Efficient Privacy-Preserving Sparse Matrix-Vector Multiplication Using Homomorphic Encryption

This paper introduces the first efficient framework for privacy-preserving sparse matrix-vector multiplication using homomorphic encryption, featuring a novel Compressed Sparse Sorted Column (CSSC) format that significantly reduces computational and storage overhead while enabling secure applications in fields like federated learning and scientific computing.

Yang Gao, Gang Quan, Wujie Wen, Scott Piersall, Qian Lou, Liqiang Wang

Published 2026-03-06
📖 4 min read☕ Coffee break read

Imagine you have a massive, incredibly detailed map of a city, but 99% of the streets on that map are empty (no roads, just open fields). This is what a Sparse Matrix is in the world of computers: a giant grid where almost everything is zero, and only a few spots have important numbers.

Now, imagine you need to do a math problem using this map and a list of numbers (a Vector). In the real world, you'd just ignore the empty fields and only do math on the roads that exist. This is called Sparse Matrix-Vector Multiplication (SpMV). It's fast and efficient.

The Problem: The "Secret" Map
But what if this map contains your private medical records or your bank account details? You can't just send the raw map to a cloud computer to do the math, because the cloud might peek and steal your secrets.

You need Homomorphic Encryption (HE). Think of this as putting your map and your list of numbers into a magic, unbreakable glass box. The cloud can shake the box, rotate it, and even do math inside the box, but it can never see what's inside. When it's done, it hands the box back, and you open it to find the answer.

The Old Way: The "Brute Force" Mistake
The problem is that existing methods for doing math inside these magic boxes were designed for dense maps (maps where every street is full of traffic).

  • If you try to use these old methods on your sparse map, the cloud computer has to do math on every single empty field (the zeros) just to be safe.
  • It's like trying to count the people in a stadium by asking every single empty seat, "Are you a person?" even though you know 99% of them are empty.
  • This makes the process incredibly slow and eats up all the memory, like trying to carry a suitcase full of air instead of just your clothes.

The New Solution: CSSC (The "Smart Organizer")
The authors of this paper invented a new way to organize the data before putting it in the magic box.

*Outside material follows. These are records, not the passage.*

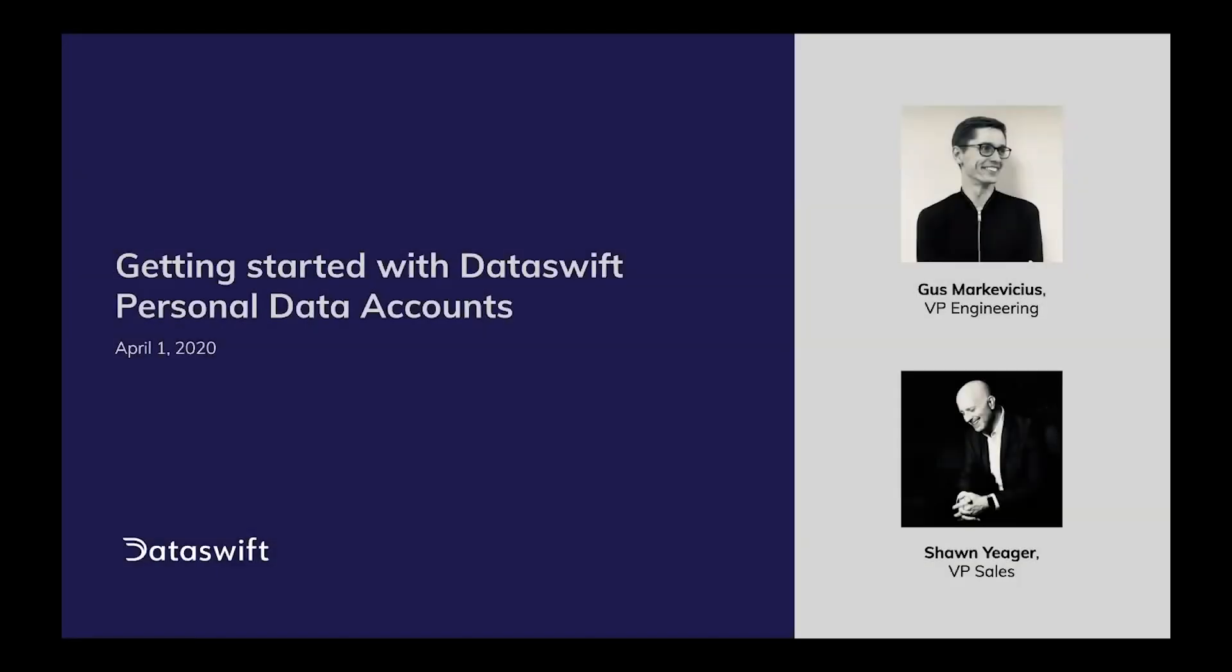Hi, and thanks for taking the time to watch this video about getting started with DataSwift personal data accounts and for spending time with us this weekend to contribute to Hack From Home, our virtual hackathon to solve problems associated with COVID-19. We're delighted you're involved. I'm Sean Yeager, VP of Sales. With me is Gus Markevichis, VP of Engineering for DataSwift.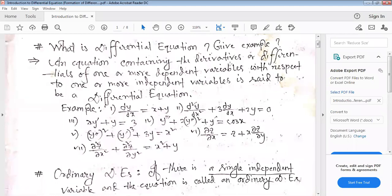In differentiation, the differential equation uses dy/dx — we use dy/dx as the differential coefficient. For example, dy/dx equals x plus y, where x is the independent variable and y is the dependent variable. That means y equals f(x), so y depends on x. The derivatives are taken with respect to one or more independent variables.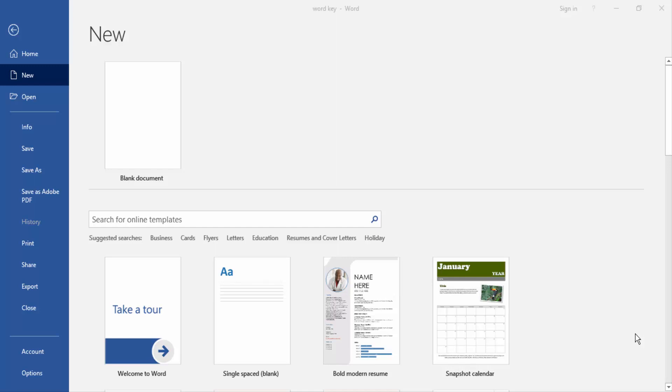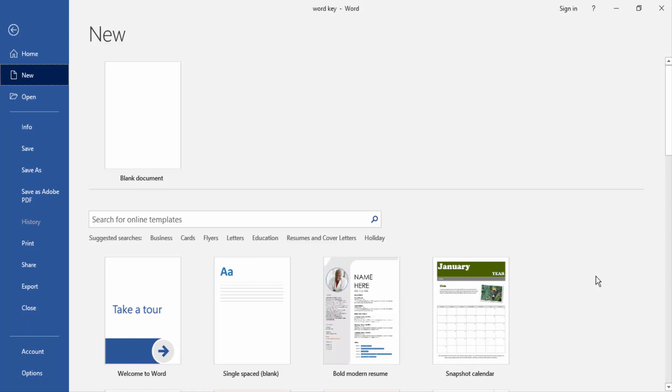Assalamu alaikum, hello friends! How are you? Welcome back to our new video. In this video, I'm going to show you how to put a picture background into a text box in Microsoft Word. Let's get started.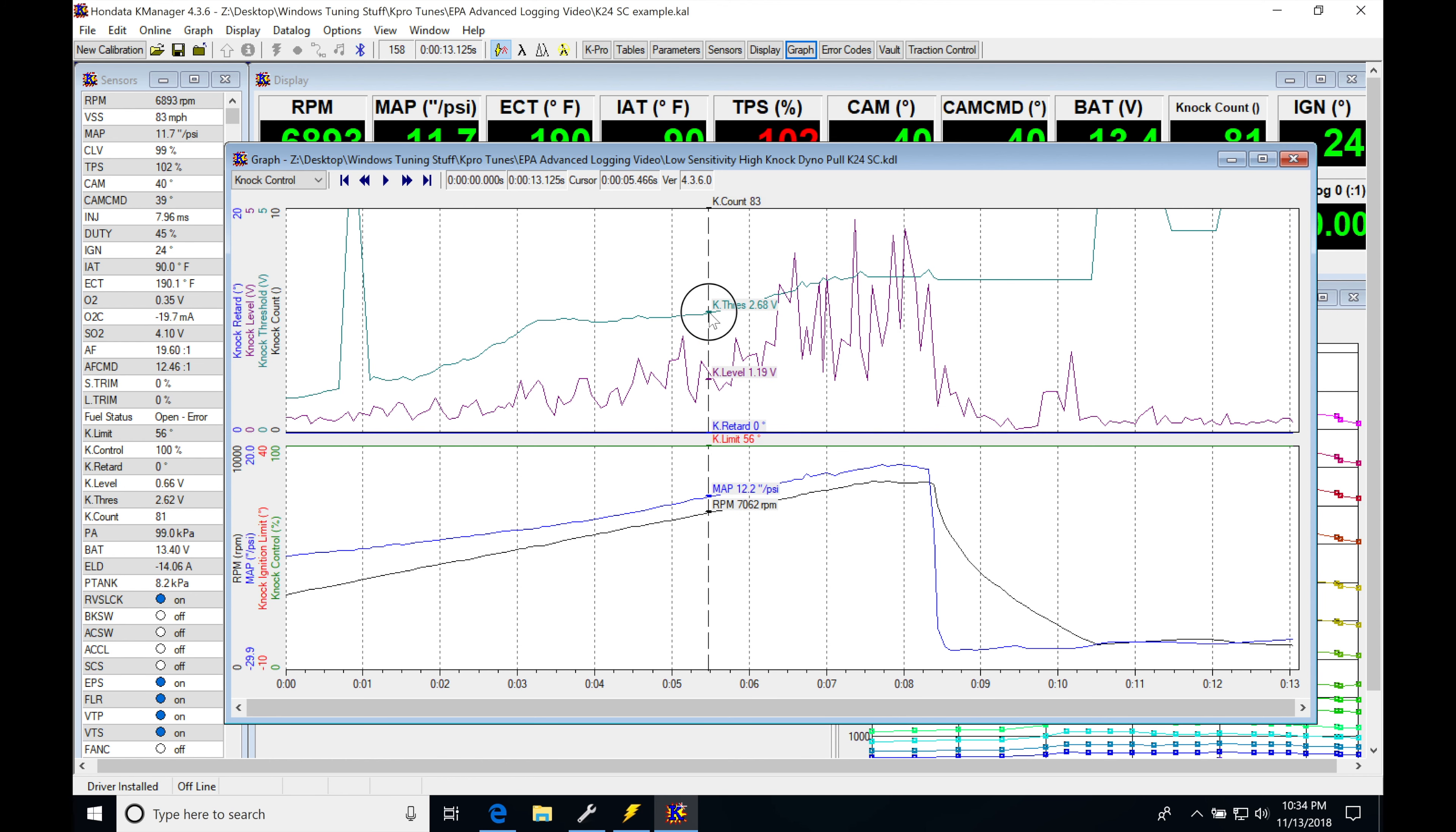First thing is here, you can see knock count is in black and we can see that it's off the chart here. It's already counted to 83. We need to raise the threshold on our settings here.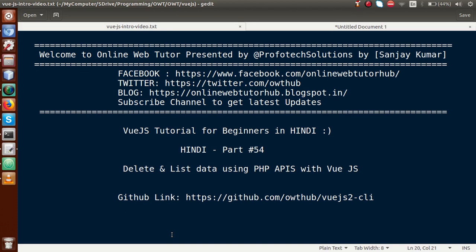Hello guys, welcome to Online Web Tutor presented by Preferred Solutions Team. I am Sanjay. We are learning Vue.js for beginners in Hindi, and this is part number 54. In this video session, we will see about delete and list operations using PHP APIs in a Vue.js application. If you're a beginner to the channel, please subscribe and watch our previous sessions to get a clear concept about Vue.js.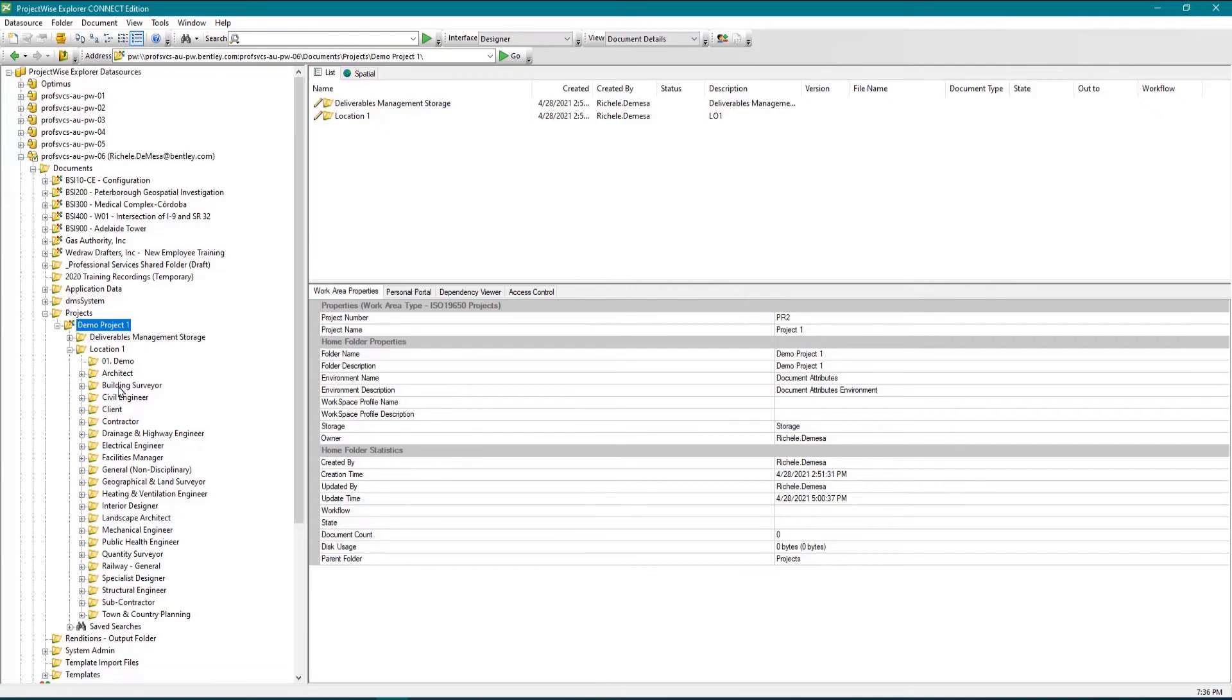Project document folders are used to organize information in the project and also carry properties such as permissions, workflows, states and storage locations.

They call it CSSC (Compressed Sparse Sorted Column).

Here is the analogy:
Imagine you have a messy pile of letters (the non-zero numbers) scattered across a giant floor.

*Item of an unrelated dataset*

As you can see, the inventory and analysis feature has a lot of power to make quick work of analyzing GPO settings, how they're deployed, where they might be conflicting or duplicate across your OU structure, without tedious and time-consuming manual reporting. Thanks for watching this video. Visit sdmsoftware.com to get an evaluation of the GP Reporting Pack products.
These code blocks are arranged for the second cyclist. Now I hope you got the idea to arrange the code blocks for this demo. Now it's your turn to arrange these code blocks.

  • Old Way: You put the whole floor, including all the empty space, into the magic box. The robot inside has to check every square inch.
  • CSSC Way: You first gather all the letters, sort them into neat, tight rows, and throw away all the empty floor space. You then stack these neat rows into small, manageable boxes.
    • Step 1: You sort the rows so the ones with the most letters are at the top.
    • Step 2: You push all the letters in each row to the left, so there are no gaps.
    • Step 3: You cut this organized stack into small, perfect chunks that fit perfectly into the magic box.

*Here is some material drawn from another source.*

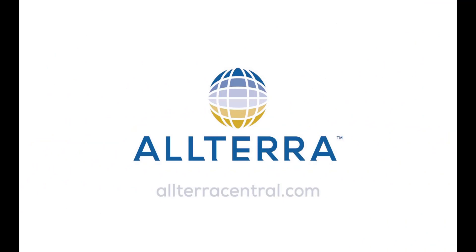Thanks again for joining us for another Altera Central technical video. Today we're going to cover TerraFlex, specifically the latest enhancements including breadcrumb logging and XYZ auto fields.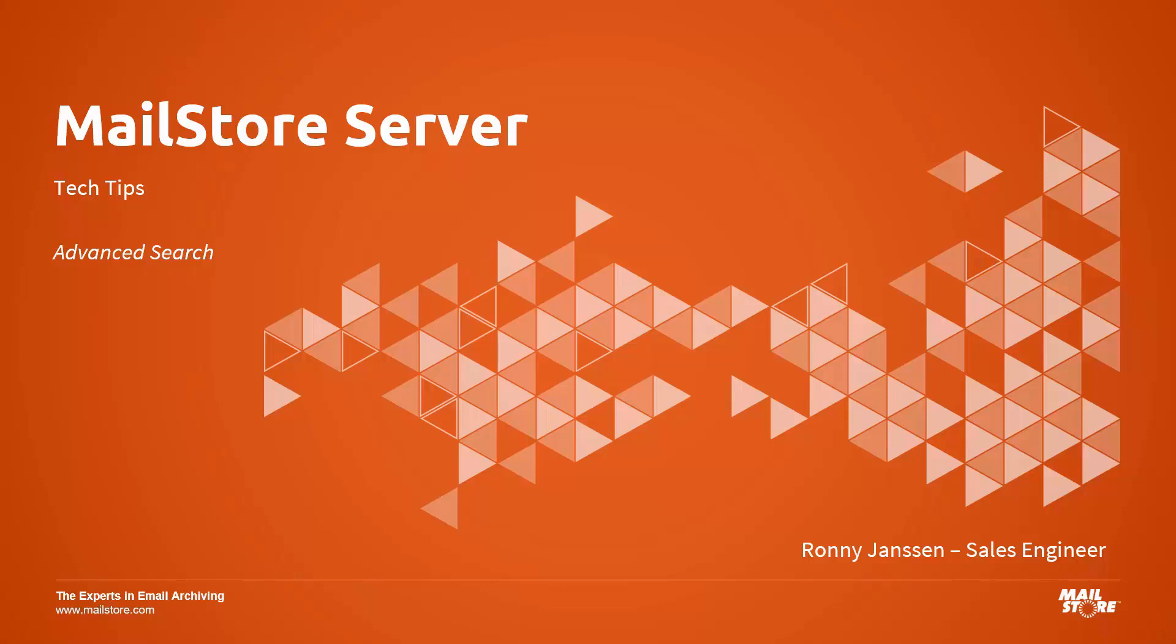Welcome to MailStore Tech Tips. My name is Ron Janssen and today I'd like to talk to you about the advanced search function in MailStore Server's Outlook add-in.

Why This is a Game Changer
Because the data is now perfectly organized:

  1. No Wasted Effort: The cloud robot inside the magic box only has to do math on the actual letters. It ignores the empty space completely.
  2. Perfect Packing: The "magic box" (the encryption) has a limited amount of space. CSSC packs the data so tightly that the box is full of useful information, not air.
  3. Speed: Because the robot doesn't have to check empty spots, it finishes the job 100 to 5,000 times faster than the old methods.
  4. Memory: It uses way less space, so you don't need a supercomputer to run it; a regular server can handle it.

The Result
The paper shows that with this new "Smart Organizer" (CSSC), we can finally do complex math on private, sensitive data (like medical records or financial data) in the cloud without slowing down the system or running out of memory.

In a Nutshell:

  • The Problem: Doing math on secret data is slow because old methods waste time on empty spaces.
  • The Fix: A new way to sort and pack the data (CSSC) so the secret math only happens on the important numbers.
  • The Benefit: Privacy is kept, but the speed is as fast as if the data wasn't secret at all.

It's like turning a chaotic, empty warehouse into a perfectly organized library, allowing a librarian to find a specific book instantly without having to walk through every empty aisle.